Thursday, August 26, 2010

Follow the Fleet (1936)

Something about watching a Fred Astaire and Ginger Rodgers movie after a long day is just right. I figure it's because the films were meant to be made with a light edge because of the depression and all.

Whatever it is that makes watching the dancing pair a delight to watch, I admit to being exposed to only three out of the ten movies they made together.

The first I watched was due to a volunteer gig at the Aero theater. It was a double feature of "Follow the Fleet" and "Roberta".

The thing about most of these movies, is that there isn't really a story. It's just a backdrop for the main event, the tap dancing. These are amazing tap dancing moves. Long tap dance numbers. But amazing nonetheless.

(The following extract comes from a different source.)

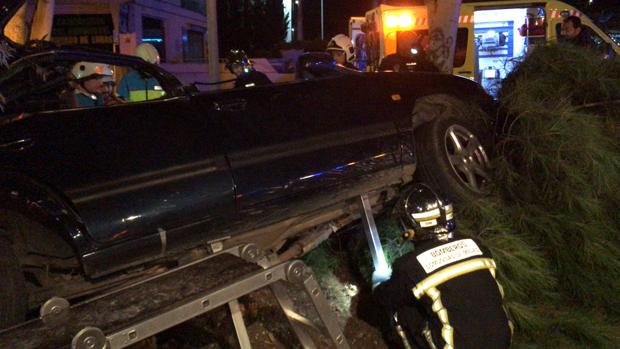 Un muerto y un herido grave al chocar un coche contra árbol en Navalcarnero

"Follow the Fleet" was the first one I watched. It didn't have the greatest story but from what I remember, there is a sailor, Astaire, who tries to rekindle a romance with his old dancing partner played by Rodgers. Rodgers has a frumpy sister who she makes over. Once made over, Astaire friend begins to romance her.

A semi-romantic, comedy, with beautiful dance numbers would be the best summary for this movie.

Fred Astaire makes up for his un-Hollywood looks for his irresistible charm and phenomenal dancing. You just can't stop staring at his feet. I keep wondering if he ever twisted his ankles...

Ginger Rodgers is what makes the pair dazzle. She plays her characters with a sassy and sharp attitude. She's beautiful and fun. And the fact that she was able to keep up with Astaire is a pretty big feat.

Every time Astaire holds Rodgers as they glide around in circles, it just sends chills down my spine. Anyone who knows anything knows that dancing requires coordination, grace, and above all else, strength. Doesn't matter that Astaire wasn't the suave Hollywood leading man. He had the strength to twirl a girl around and make it look effortless. Sexy.

When Irene Dunn (another favorite classic actress) sang "Smoke Gets In Your Eyes"I was floored.There are no words to describe the deep emotions I felt when I watched that scene.

The song and dance number that really, really lift me away from reality was first watching "Lets Face the Music". It starts off really depressing as they glide across the dark floor. Little by little, you can see the pair lift their dark mood to a determined and strong moves. Something about the whole thing is powerful enough for me to chin up, buck up, and fight on!

Another cool tidbit about this movie?
Seeing a young Lucille Ball play a showgirl!